I had the pleasure of meeting and interviewing Dahlov at her Maine home for Artscope Magazine when she was 93. At the time, she was putting the finishing touches on her expansive exhibition of her circle of life paintings for her one-woman show at the University of New Hampshire.
Entering Dahlov’s world was a heady experience of artistic intoxication. Every corner of her domicile was crammed with paintings, bronze busts, sculptures in marble and wood, drawings, soft sculptures, and marionettes, all painted or stitched by Dahlov, or her artist parents.
She was a joyous lover of life and art. Her work is a rich visual feast, an experience full of zest, color, and magical imagery.
At the time if my visit, she had just finished “Blue Moon Circle” destined for her show at UNH. I was amazed that despite her advanced age, she was working at the height of her artistic power.

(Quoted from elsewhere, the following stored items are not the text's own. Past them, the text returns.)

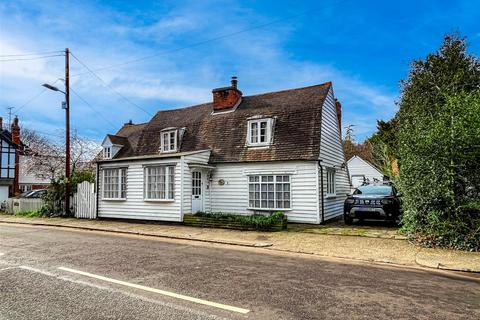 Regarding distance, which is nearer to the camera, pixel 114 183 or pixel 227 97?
pixel 114 183

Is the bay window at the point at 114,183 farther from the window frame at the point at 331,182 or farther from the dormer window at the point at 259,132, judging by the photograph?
the window frame at the point at 331,182

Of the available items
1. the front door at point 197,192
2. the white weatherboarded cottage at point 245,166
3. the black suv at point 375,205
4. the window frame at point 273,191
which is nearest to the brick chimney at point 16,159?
the white weatherboarded cottage at point 245,166

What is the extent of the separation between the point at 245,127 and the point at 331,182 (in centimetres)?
566

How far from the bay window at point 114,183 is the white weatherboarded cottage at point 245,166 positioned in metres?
0.06

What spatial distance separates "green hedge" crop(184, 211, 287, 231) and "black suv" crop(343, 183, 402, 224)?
3107 mm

Taking the visual journey through her paintings is a pleasurable voyage of discovery. What is produced is a world of balance, a veritable cornucopia of visual motifs celebrating the weave of life. From the subterranean worlds of the ocean to the winged creatures of the air, all collaged with colorful exuberance in a beating matrix of interlocking creatures, great and small.
Dahlov Ipcar, born in 1917, was the child of Marguerite and William Zorach. Her father was a sculptor and her mother a painter, both were favored with distinguished careers in the New York art world.
Dahlov was her father’s muse and served as the principal model for both her father and his coterie of art students. Dahlov was plagued with hours of posing and she confided to me that she dreaded the idea of marriage to another artist fearing yet more tedious hours of posing.
Two of her father’s life size bronzes of Dahlov can be seen locally, one at the Portland Museum of Art and the another at the Ogunquit Museum of American Art.
When I queried Dahlov on the secret of her amazing health, longevity and productivity, she responded: “I credit my luck with my diet — heavy cream, rich butter and eggs, Jersey whole milk and lots of beef and pork.”
My visit and interview with Dahlov was one of the most enriching experiences of my life.